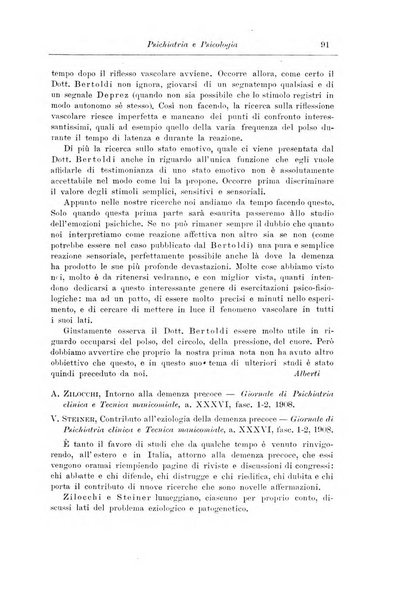 Note e riviste di psichiatria Manicomio provinciale di Pesaro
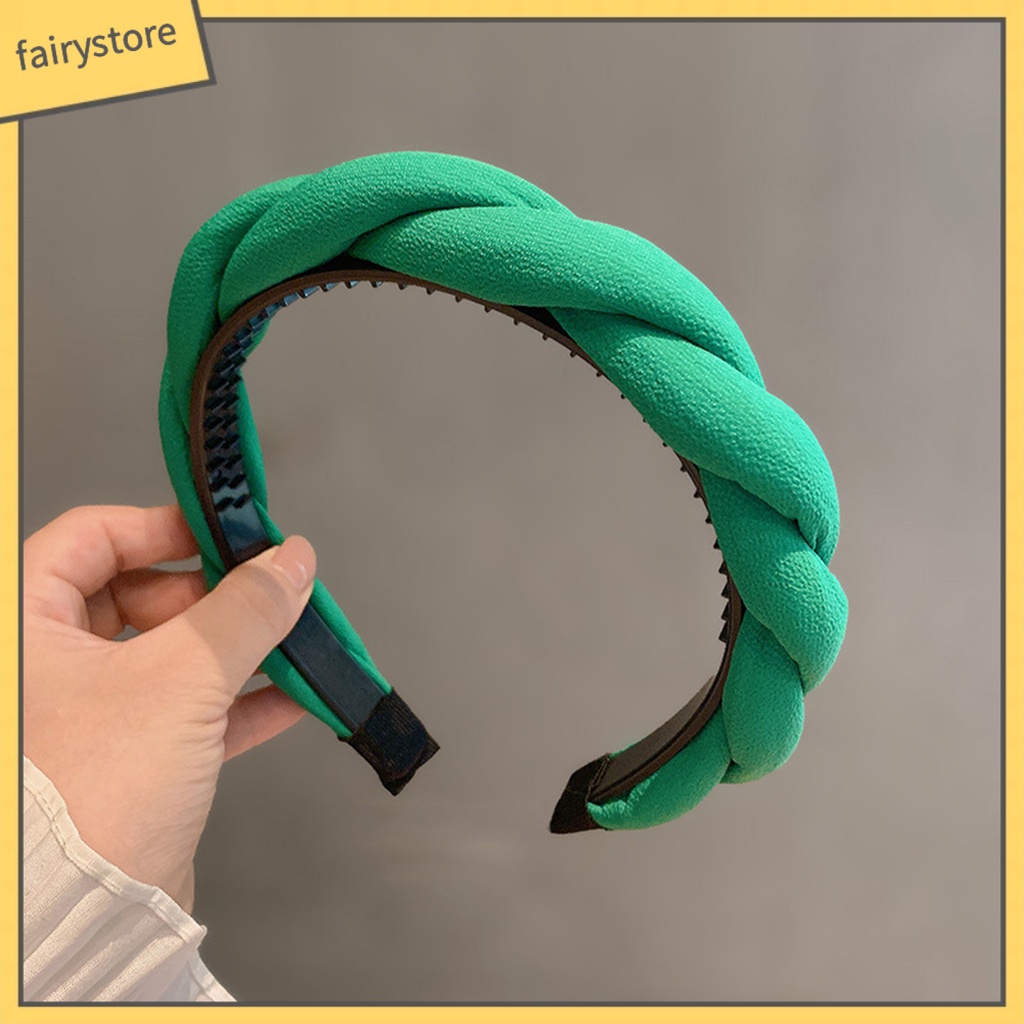 Băng Đô Cài Tóc Bằng Xốp Đàn Hồi Màu Sắc Trơn Cổ Điển Dành Cho Nữ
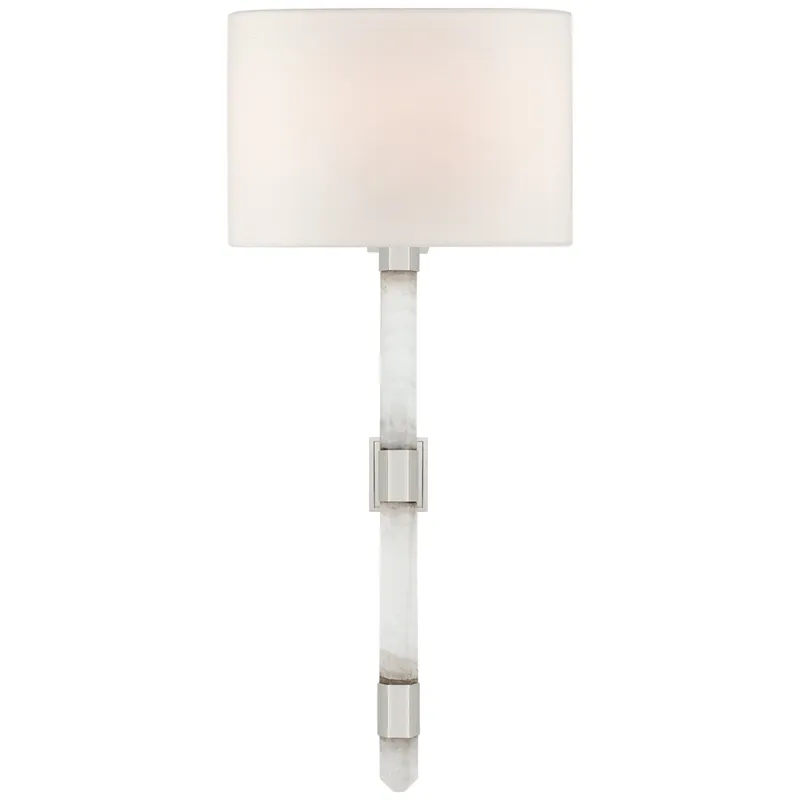 Suzanne Kasler Adaline Medium Tail Sconce in Polished Nickel and Quartz with Linen Shade Wall Light W10" x H22.25"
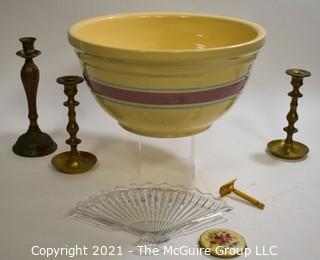 Large WATTS Ceramic Pottery Mixing Bowl, Candle Sticks and Vanity Items. 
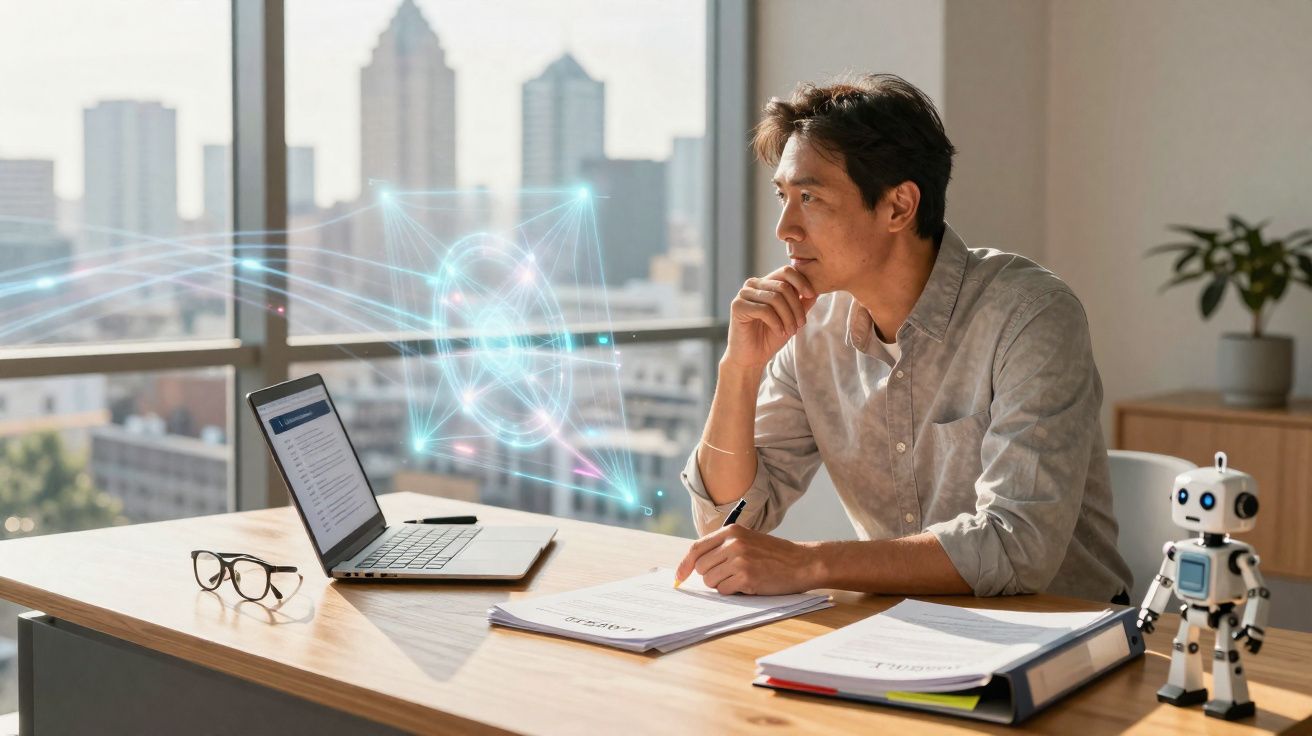 Homem sentado a trabalhar num escritório moderno com holograma digital a sair do portátil.
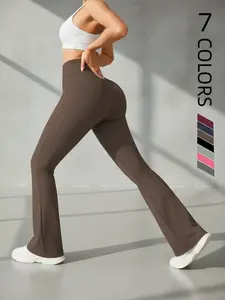 High Waist Flare Pants for Women, Long Tight High Elasticity, Comfortable Fit, Ideal for Gym & Daily Wear, Stylish Ladies' Clothing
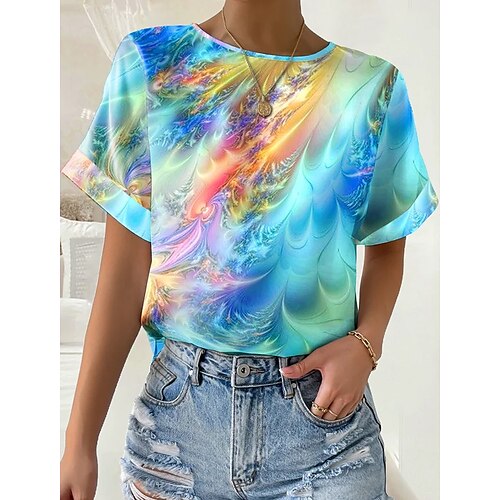 

T shirt Tee Femme Jaune Bleu Ciel Rose Graphic Imprimer Manche Courte du quotidien Fin de semaine basique Col Rond Normal Standard Peinture S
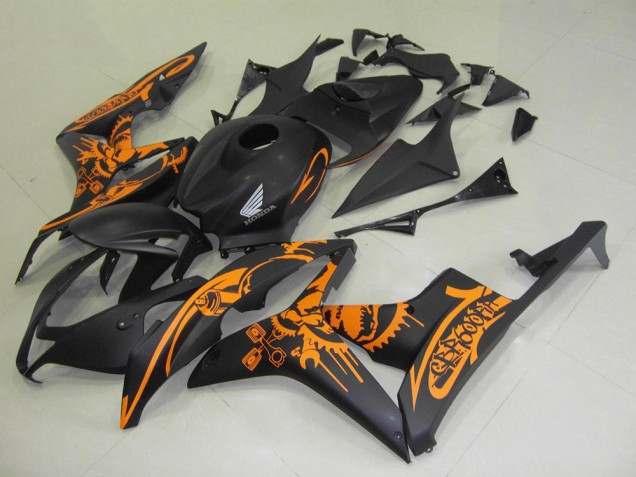 2007-2008 Matte Black Orange Skull Honda CBR600RR Motorcycle Fairings UK Stores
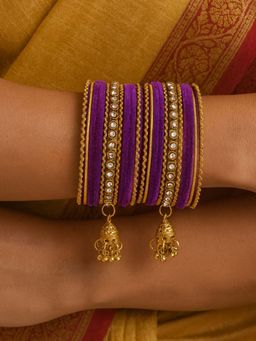 I Jewels - Purple Gold Plated Velvet and Stone-Studded Bangles with Jhumka Danglers for Women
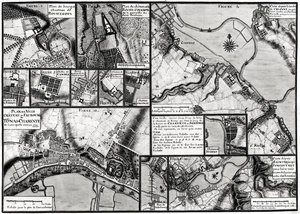 Fol.7 & 98 Kart over byene og slottene som ligger langs elven Charente i 1714, fra Recueil des Plans de Saintonge (penn og blekk og wc på papir)
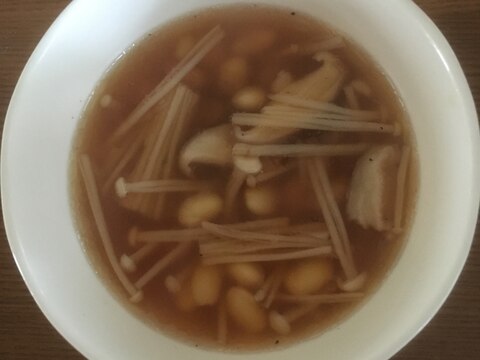 大豆とキノコのしょうゆスープ
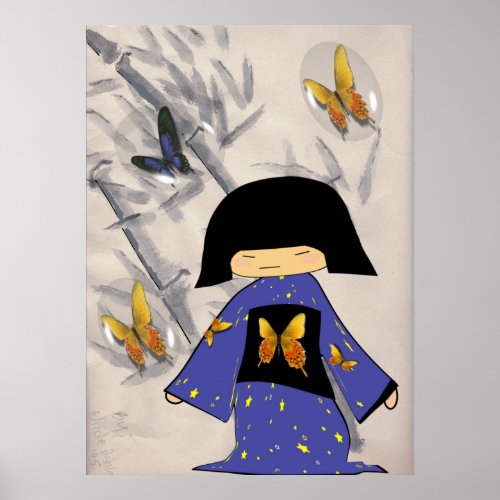 Japanese Girl with Butterfly Bubbles Poster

=======

[Assignment]
Please print every record exactly, leaving out the pictures.

[Written response]
 Note e riviste di psichiatria Manicomio provinciale di Pesaro
 Băng Đô Cài Tóc Bằng Xốp Đàn Hồi Màu Sắc Trơn Cổ Điển Dành Cho Nữ
 Suzanne Kasler Adaline Medium Tail Sconce in Polished Nickel and Quartz with Linen Shade Wall Light W10" x H22.25"
 Large WATTS Ceramic Pottery Mixing Bowl, Candle Sticks and Vanity Items. 
 Homem sentado a trabalhar num escritório moderno com holograma digital a sair do portátil.
 High Waist Flare Pants for Women, Long Tight High Elasticity, Comfortable Fit, Ideal for Gym & Daily Wear, Stylish Ladies' Clothing

T shirt Tee Femme Jaune Bleu Ciel Rose Graphic Imprimer Manche Courte du quotidien Fin de semaine basique Col Rond Normal Standard Peinture S
 2007-2008 Matte Black Orange Skull Honda CBR600RR Motorcycle Fairings UK Stores
 I Jewels - Purple Gold Plated Velvet and Stone-Studded Bangles with Jhumka Danglers for Women
 Fol.7 & 98 Kart over byene og slottene som ligger langs elven Charente i 1714, fra Recueil des Plans de Saintonge (penn og blekk og wc på papir)
 大豆とキノコのしょうゆスープ
 Japanese Girl with Butterfly Bubbles Poster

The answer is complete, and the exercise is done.